Samourai Wallet developer sentenced to 5 years in prison

NEW YORK — Samourai Wallet developer Keonne Rodriguez was sentenced Thursday to five years in prison for his role in creating a bitcoin mixing service that prosecutors say was used to launder $237 million in dirty money.

District Judge Denise Cote of the Southern District of New York (SDNY), who imposed the sentence on Rodriguez, said she believed imposing the maximum sentence for the crime to which he pleaded guilty – conspiracy to operate an unlicensed money transmitting business – was necessary for individual and general deterrence, adding that she had a “troubling reaction” to Rodriguez’s letter to the court submitted before his sentencing.

“The defendant engaged for several years in very serious antisocial criminal behavior. I do not understand that his letter reflects that he agreed to that,” Cote said during a roughly hour-long hearing at the federal courthouse in downtown Manhattan. “He identifies his motivation here as a desire to protect financial privacy. That’s good, that’s good. We all want financial privacy. But I don’t think that’s really what was at stake here…There is no acknowledgment in this letter of the criminal world for whom digital currency is a gift.”

Prosecutors echoed Cote’s concerns during the hearing, saying Rodriguez actively encouraged hackers, fraudsters and other criminals to use Samourai Wallet. He knew he was breaking the law, they said, because he had a six-page escape plan at home detailing how he would use cell phones, pay motels and country roads to evade law enforcement.

“The letter directly shows that the defendant did not accept what he did,” prosecutors told Cote. In their sentencing memo submitted to the court on Oct. 31, prosecutors urged Judge Cote to impose that maximum sentence, writing that the two men intentionally and knowingly laundered “the proceeds of drug trafficking, darknet markets, cyber intrusions, fraud, murder-for-hire schemes and a child pornography website” through Samourai Wallet.

In their own sentencing proposal, Rodriguez’s lawyers suggested a sentence of one year and one day in prison. Rodriguez’s lead attorney, Arnold and Porter’s partner Michael Kim Krouse, told the court that Rodriguez, now 37, co-founded Samourai Wallet when he was an idealistic young man in his 20s, after spending his entire life hearing family stories about how his loved ones in Cuba lost everything.

The fact that Rodriguez voluntarily pleaded guilty, Krouse said, was proof that he was taking responsibility for his actions. He also reminded the court that Rodriguez had already paid the $6.3 million forfeiture agreement before his sentencing, which Krouse called “unusual.”

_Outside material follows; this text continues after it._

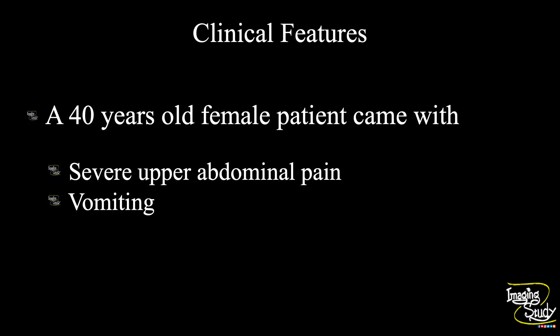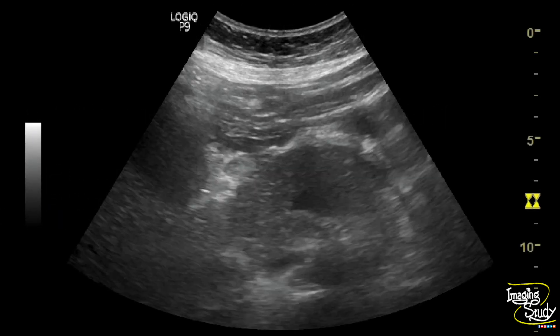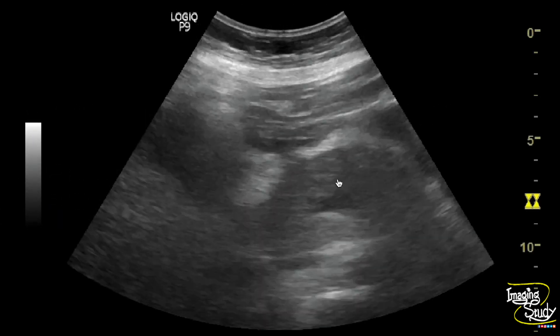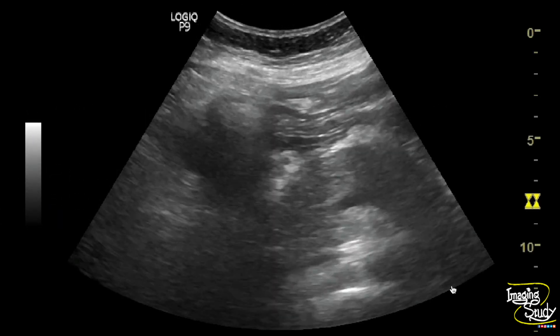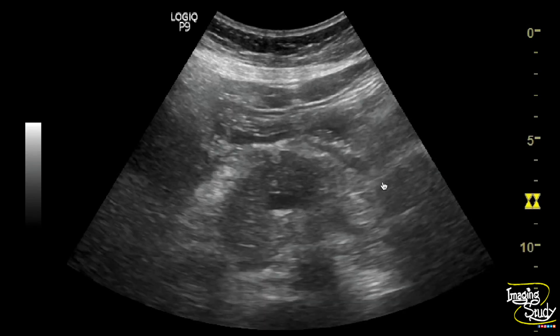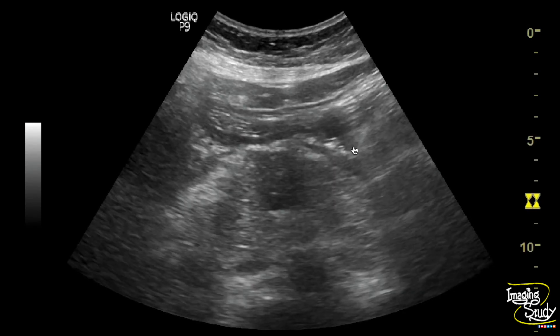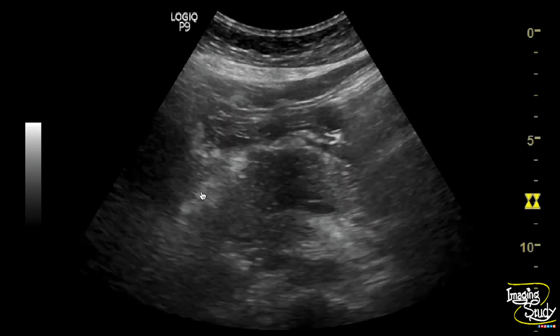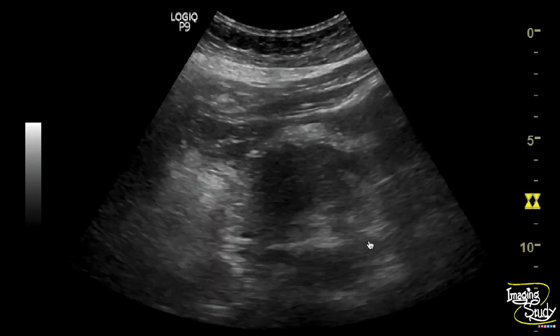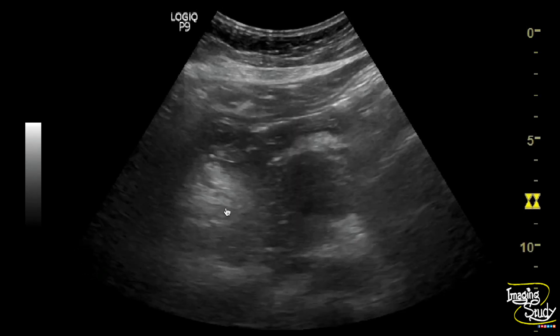Let's see what we have got on ultrasound. Here you can see a hyperechoic swollen pancreas. You can see some peripancreatic collection here. The surrounding hyperechoic thick area may suggest fat stranding.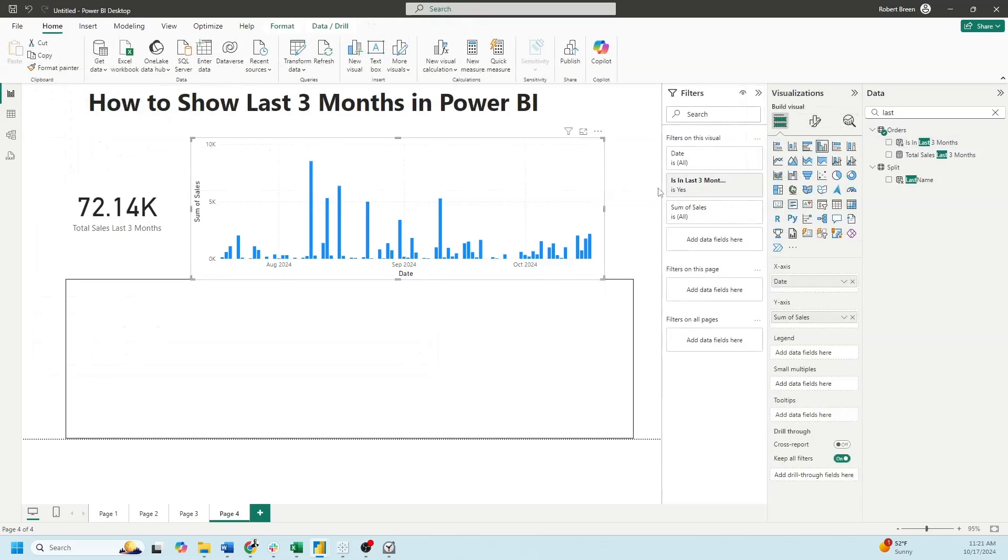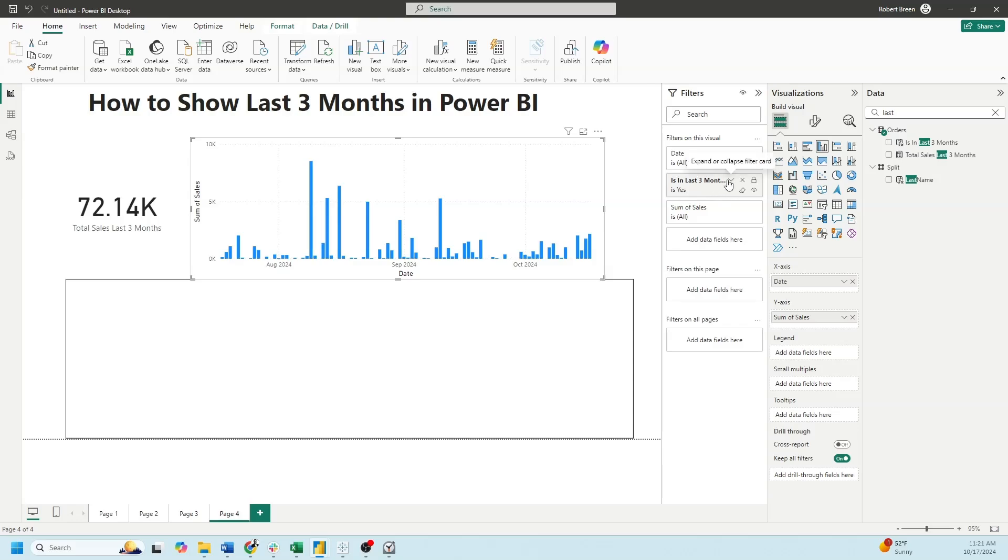I've built this bar chart using date and sum of sales. And I added a filter for is in the last three months. And I checked yes. And that's how you show the last three months in Power BI.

When it was his turn to address the court, Rodriguez said his letter “wasn’t perfect” but that he wanted to take the opportunity to speak directly to the court, without his lawyers writing it for him.

“I am truly sorry and I understand the seriousness of my crime. I am remorseful,” Rodriguez said. “I can honestly say that I will never break the law again. This experience was terrible.”

Despite pleas for leniency from Rodriguez and his lawyer, Cote remained unmoved.

“The letter indicated to me that you still operate in a world with moral blinders,” she said before handing down the 60-month sentence. In addition to Rodriguez’s prison sentence, Cote imposed a three-year probation period upon his release, as well as a $250,000 fine — despite his lawyer’s protests that Rodriguez and his wife had “no money left” after paying the forfeiture. Cote ordered that if Rodriguez were to work during his sentence through the UNICOR program, 50 percent of his monthly earnings would be taken and put toward paying his fine. Upon his release, Cote ordered that 25 percent of Rodriguez’s gross monthly income be garnished until his fine is paid.

Rodriguez and fellow Samourai Wallet developer William Lonergan Hill were arrested last April and charged with conspiracy to commit money laundering and conspiracy to operate an unlicensed money transmitting business. Although the two men fought the case for more than a year, they reached a surprise deal with prosecutors in July, agreeing to plead guilty to the less serious unlicensed money transmission conspiracy charge in exchange for dropping the money laundering conspiracy charge — which carries a maximum sentence of 20 years in prison.

The couple’s plea change came amid the trial of fellow developer Roman Storm, also in the Southern District of New York. Like Rodriguez and Hill, Storm – one of the developers of Tornado Cash, a once-popular crypto privacy tool – was charged with conspiracy to operate an unlicensed money transmitting business and conspiracy to commit money laundering, with an additional charge of conspiracy to violate international sanctions. A Manhattan jury found Storm guilty only on the charge of transmitting money without a license, without reaching a unanimous verdict on the other two charges. Prosecutors have not yet indicated whether they plan to retry Storm on the two stayed charges. Two of the prosecutors in Storm’s trial, including Assistant U.S. Attorney Nathan Rehn — one of the lead prosecutors in the trial against former FTX CEO Sam Bankman-Fried — were present in the courtroom for Rodriguez’s sentencing.

Hill is scheduled to be sentenced by the same judge on Nov. 19, after the judge postponed the hearing originally scheduled for Friday.

UPDATE (November 6, 2025, 6:05 p.m. UTC): Adds additional details, notes Hill’s hearing has been postponed.